Desktop was a “modest contributor” to growth and remains influential for key verticals like travel planning and shopper search, Porat said. But desktop ad growth has tailed off, and, unlike with mobile ads or YouTube and other video campaigns, there’s no clear road to stronger banner and desktop search performance.
Traffic acquisitions costs (TAC), the amount Google pays to traffic sources in order to serve an ad, grew 22% from $6.3 billion in Q1 2018 to $6.9 billion so far this year.
That higher TAC is a potential runaway expense issue for some investors, because high-growth areas such as mobile, voice search or ecommerce marketing, come with higher TAC rates.
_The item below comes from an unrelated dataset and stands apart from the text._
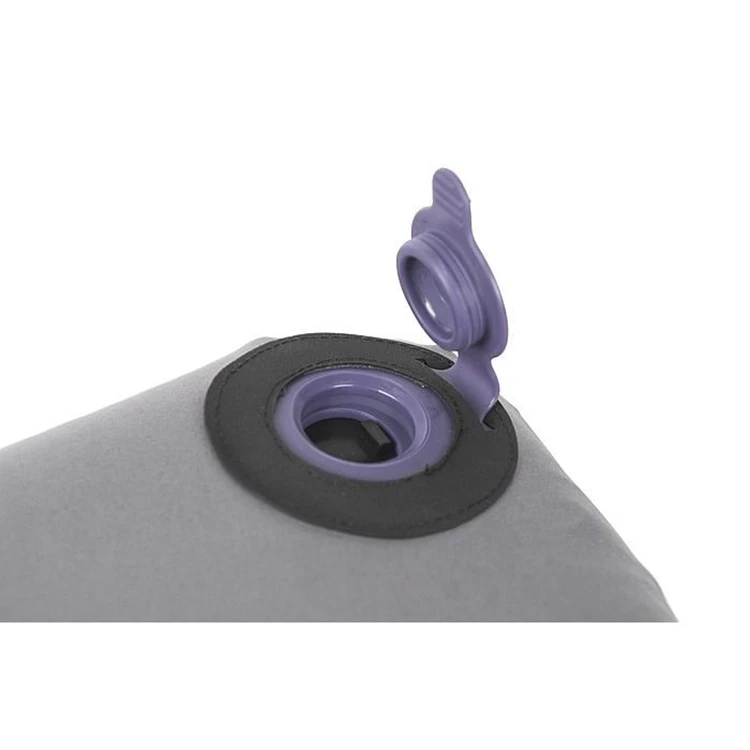 Bo-Camp Opblaasbaar Kussen Met Sloop 6 Bo-Camp Opblaasbaar Kussen Met Sloop - Afbeelding 4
Google pays top dollar to other tech giants, including Apple and Samsung, to be the default search provider on smartphones and browsers – and those mega payments fall under TAC.
On top of TAC, there are also the additional outlays Google is making for original content and marketing to promote its streaming services, Porat said. Even compared to Google’s estimates from three months ago, the streaming subscription market is more competitive and expensive.
On the accelerated pace of investment, Porat pretty much had this to say: It is what it is.
“What we’re really looking at is what’s required to support long-term growth,” she said.